◆ What you need to do
Below are the records; give again exactly the line with "A silicone nurse", the line with "Female shop keeper", and each line that lies between them, and nothing besides.

◆ Provided material
::::::::

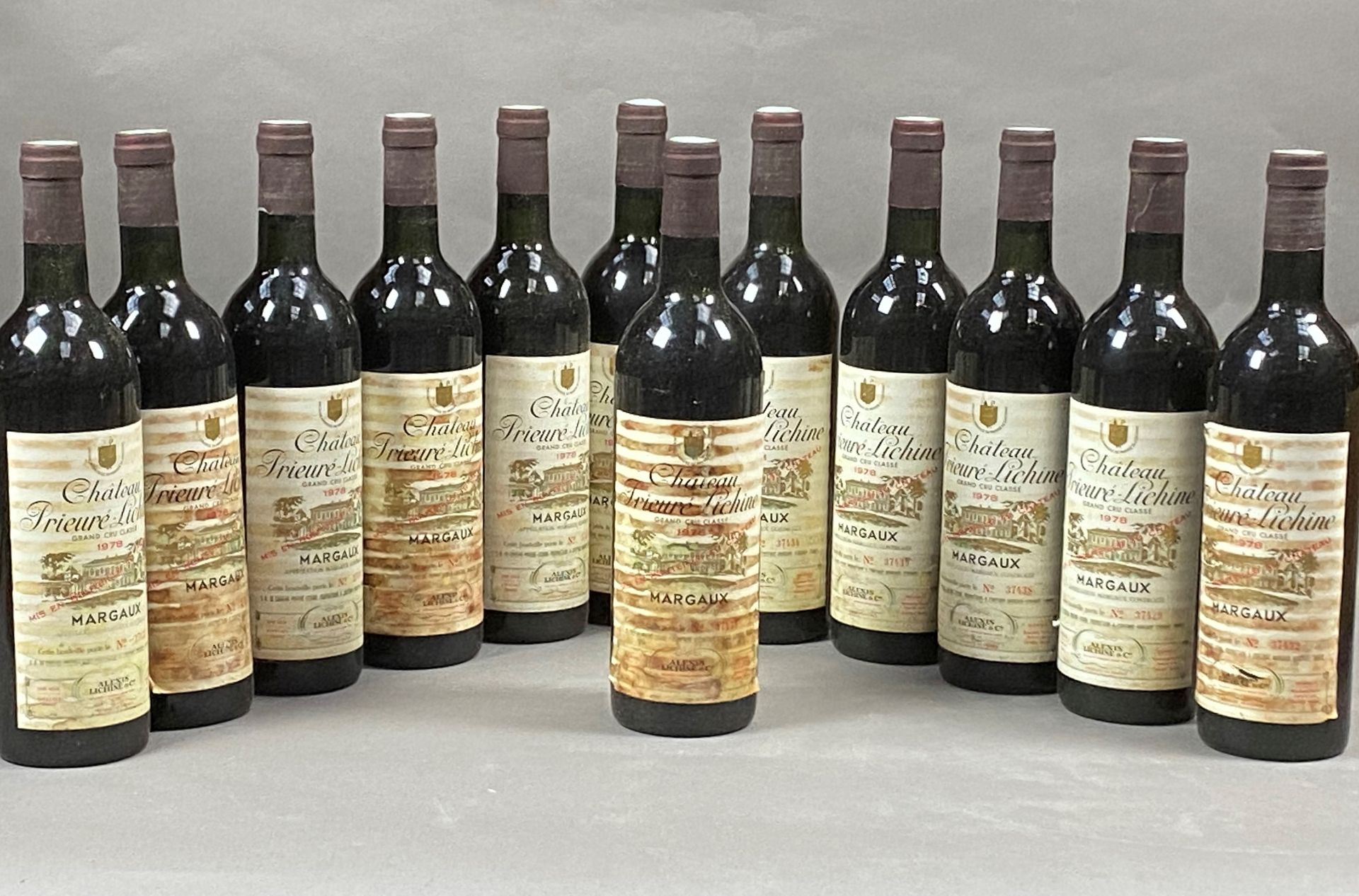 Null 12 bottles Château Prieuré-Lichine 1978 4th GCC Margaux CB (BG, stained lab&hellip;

::::::::

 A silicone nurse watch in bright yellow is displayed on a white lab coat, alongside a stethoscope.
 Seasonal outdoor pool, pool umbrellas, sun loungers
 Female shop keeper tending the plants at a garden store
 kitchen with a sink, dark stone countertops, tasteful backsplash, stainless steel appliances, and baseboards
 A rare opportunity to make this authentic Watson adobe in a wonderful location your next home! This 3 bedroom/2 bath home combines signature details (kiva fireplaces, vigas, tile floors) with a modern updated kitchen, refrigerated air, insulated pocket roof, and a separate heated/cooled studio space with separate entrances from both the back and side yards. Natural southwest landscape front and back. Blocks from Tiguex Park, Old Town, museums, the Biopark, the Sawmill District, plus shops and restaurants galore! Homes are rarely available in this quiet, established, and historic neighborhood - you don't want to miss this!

::::::::

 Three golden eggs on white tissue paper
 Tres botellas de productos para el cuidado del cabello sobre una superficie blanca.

::::::::

◆ Problem solution
 A silicone nurse watch in bright yellow is displayed on a white lab coat, alongside a stethoscope.
 Seasonal outdoor pool, pool umbrellas, sun loungers
 Female shop keeper tending the plants at a garden store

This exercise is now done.